A recent Brunswick News Commentary wondered how bad must things get before the concept of ‘climate emergency’ gets traction. One depressing answer may be found in the title of a widely circulated NYTimes editorial: “Australia Is Committing Climate Suicide.” The continuing unimaginable conflagration of Australian bushfires has already burned an area much larger than New Brunswick, destroyed thousands of homes, and killed over a billion animals.
Decades will pass before knowing how many human lives will be lost or shortened by exposure to the world’s worst air pollution. An air quality index (AQI) above 200 is defined as hazardous. The AQI in Canberra has hit 4,650. Climate scientists have long predicted such events, as the conditions that created them are well-studied climate topics.
While droughts and heat waves are normal, climate warming increases the odds of their occurrence, their duration, and their intensity. A continually warming Australia experienced its hottest and driest year in 2019. Average temperatures in the 40’s have baked the entire continent for weeks. Altered weather patterns push normal rains out to the ocean.
Yet, despite scientists’ warnings, years of increasingly destructive weather, and the current catastrophe, Australia plans to expand its world-leading exports of coal and liquid natural gas (LNG).
Perhaps, the country does have a psychotic death wish. Maybe it’s contagious.
In the USA, 100, 500 and 1000-year floods are meaningless, as they occur regularly. While the southwest faces water shortages, the central breadbasket remained flooded for months. California’s fire season is now year-round. Coasts are threatened by tropical depressions that turn into monster hurricanes within a day.
America’s response? Promote coal and frack as much gas and oil as possible.
Canada watches record fires burn BC, Ft. McMurray, and boreal forests. Extreme temperatures and precipitation and record flooding are the norm. Canada is warming at twice the global rate, and three times as fast in our north, where melting ice and permafrost lead to abandoned settlements and climate refugees. Yet, several provinces stake their futures on huge new tarsands and LNG projects. The federal government, while shouting climate emergency warnings, inexplicably abets these expansions.
Maybe a mass psychosis has seized these countries. But, perhaps, there is a better explanation – the classic ’monkey trap’.
A monkey trap is an immovable trap, with a hole just large enough for a monkey’s open hand. It is baited with a banana. A monkey grabs the banana, but the hole is not large enough to allow the monkey to withdraw its clenched fist (now clutching a banana). Because the monkey can’t conceive of letting the banana go, it remains trapped, awaiting its fate.
It is the perfect analogy for humanity’s current situation. We cannot escape our trap (climate emergency), because we can’t conceive of giving up the banana (fossil fuels), even though doing so is our only means of escape. There is absolutely no doubt about the climate trap. All the recent climate disasters resulted from less than 1.5-degrees warming – considered the ‘safe’ limit.

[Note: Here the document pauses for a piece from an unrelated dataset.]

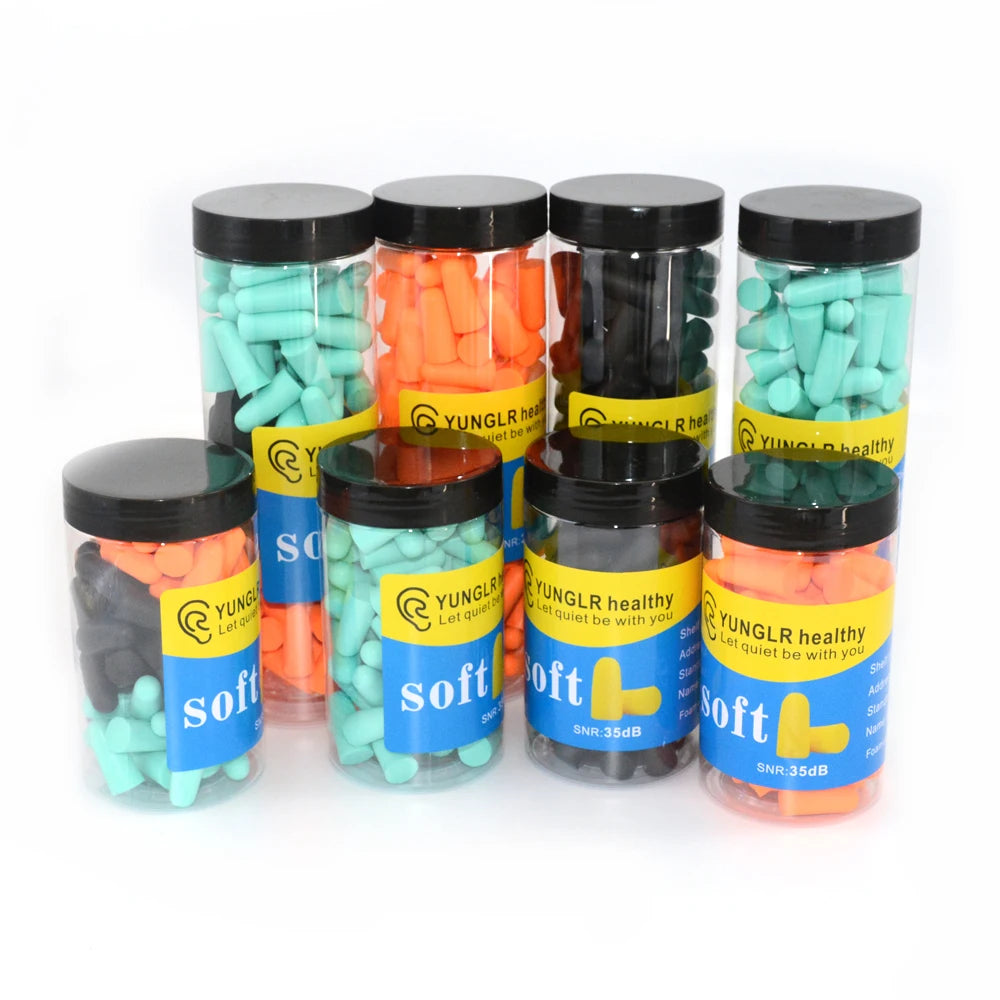 Canadian Shield Comfort Workplace PPE Earplugs - Premium Noise Reduction Protection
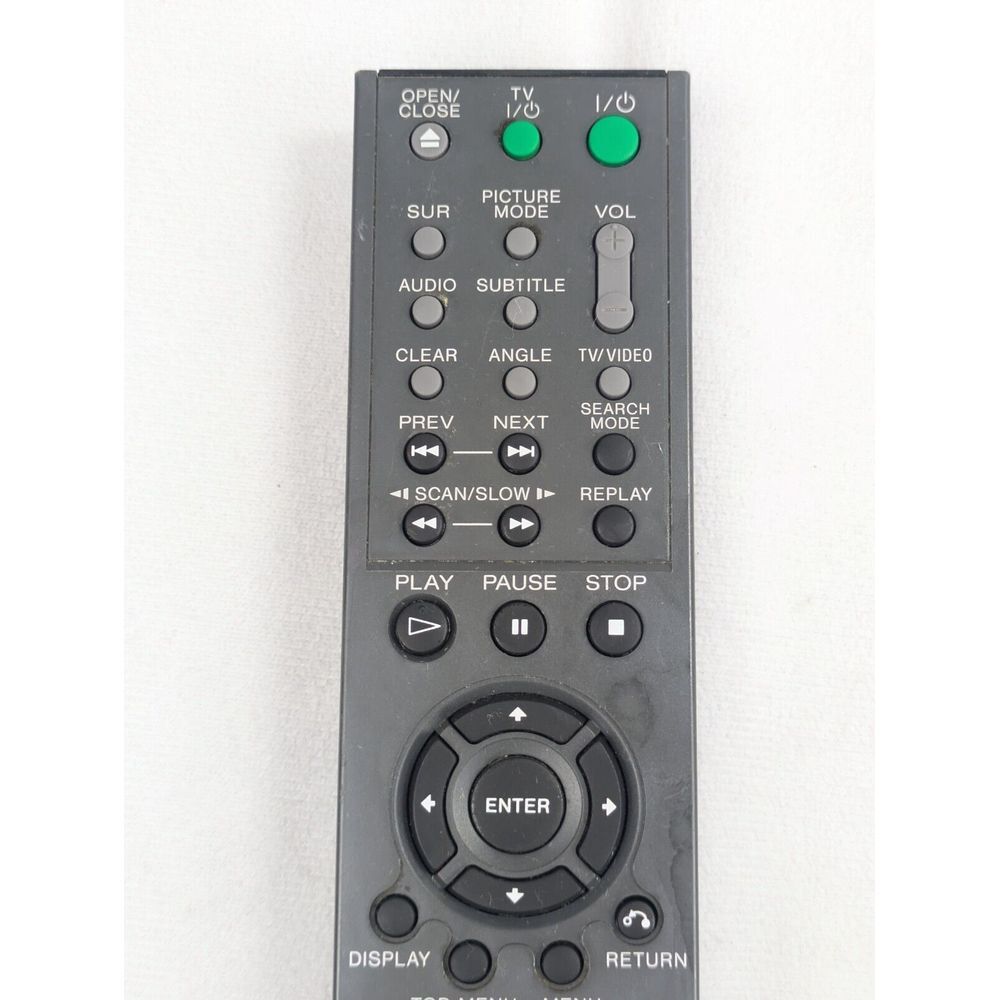 Genuine Original SONY RMT-D141A DVD Remote Control - Picture 3 of 7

Our current fossil fuel usage puts us on track for 3 to 5 degree warming. At 3 degrees, Australian-like catastrophes become normal. 2019 ended the hottest decade on both land and in the ocean. No one born after 1985 has experienced a month cooler than the 20th century average.
Coal, and the energy intensive processes of fracking, LNG and tarsands produce more greenhouse gases than conventional oil and gas, and make the USA, Australia and Canada the word’s largest per capita contributors to climate change.
Despite knowing this, they still can’t conceive of letting them go.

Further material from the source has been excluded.